Ольга не пошевелилась и ничего не ответила. Смотрела на подругу и улыбалась.
Лена сделала несколько шагов вперед; она уже не могла сдерживать своего оживления; ее большие черные глаза горели в сумерках.
— Ты спишь, Олечка? Ну так проснись и слушай, я тебе что-то скажу, ты не знаешь, что я тебе скажу. Нет, нет, ты молчи, ты никогда не догадаешься… А папа твой здесь? Я прошла через кухню, и мне сказала Агафья, что его нет… Но все-таки я боюсь, ты знаешь, как он меня не любит.
Оля засмеялась.
— Какая ты глупая, Ленка! Что ты тут рассказываешь?
Лена подсела к подруге, на ручку кресла.
От нее еще веяло морозом. В своем оживлении она хотела поцеловать Олю, но вспомнила, что та этого не любит, и сдержалась.
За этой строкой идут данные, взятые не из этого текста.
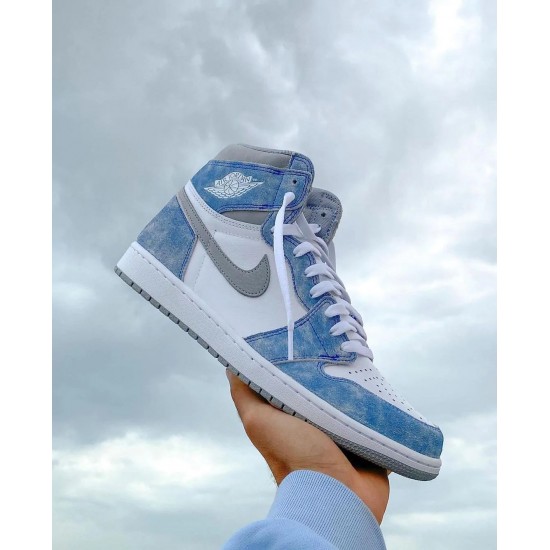 555088-402 Air Jordan 1 Retro High Og Hyper Royal Hyper Royal/Light Smoke Gray-White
— Ну же, рассказывай,— попросила Ольга, но сейчас же быстро спрыгнула с кресла:
— Подожди минуточку.
В темноте не было видно, что она делает.
— Вот, на, ешь, и рассказывай.
В руках Ольга держала тарелку с рахат-лукумом. Это было ее любимое лакомство, ее неизменный друг в одинокие минуты.
В комнате стало еще темнее. В окне зарябил желтый огонь уличных фонарей.
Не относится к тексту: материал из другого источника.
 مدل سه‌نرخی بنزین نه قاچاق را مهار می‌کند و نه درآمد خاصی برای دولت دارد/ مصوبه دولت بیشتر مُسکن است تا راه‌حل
Лена рассказала о том, как она встретила двух незнакомцев. Один большой, в pince-nez {5}, другой, бритый, в носатой меховой шапке.
— Я готова держать пари, что они не кто-нибудь,— говорила возбужденная Лена,— у них лица совсем необыкновенные и все, все не такое…
Ольга недоверчиво вздернула плечами:
— Ну, уж ты всегда увлекаешься…
— Да нет же, нет!.. Ты увидишь. Ты должна пойти со мною, я тебе их покажу.
— Ты хочешь искать их, кажется, по улицам?
— А ты слушай! Мы пойдем с тобою на вокзал к шестичасовому поезду. Я уже все-все узнала. У них сегодня пересадка и сегодня же они едут дальше…
— Тем более,— возразила Ольга, которой было лень двигаться и хотелось подразнить спешившую подругу.— Зачем же нам идти смотреть на них, если они уезжают… Какой смысл?
Лена возмутилась:
— Нет, ты невозможная! Когда у тебя такой день, ты ничего не хочешь понять…
— Да напротив, я все понимаю и нахожу…
— Можешь находить что угодно, в таком случае я еду одна!
Девушка вскочила с ручки кресла, поспешно облизывая слипшиеся от рахат-лукума пальцы.
Ольга не думала ее удерживать. Она знала, что Лена никогда не может всерьез на нее рассердиться. Покипятится и перестанет. Ольга любила эту девушку, но все-таки, как всегда, сознавала свое превосходство над нею. Она знала, что Лене невыгодно ссориться с нею — Ольгой Орг, дочерью члена окружного суда, у которой всегда есть много вкусных вещей и ненужных безделок.
Вот и сейчас Лена совсем забыла про свою обиду. Она подошла к туалетному столу и машинально стала прыскаться Ольгиным одеколоном. Она делала это всегда, и Ольга не имеет ничего против. Но в таком случае зачем же ссориться? Ольга давно уже убедилась, что дружба не бывает вполне бескорыстной.
— Ну, полно, Ленка, нечего дуться,— приподымаясь, сказала она.— Так и быть, пойдем посмотрим твою диковинку.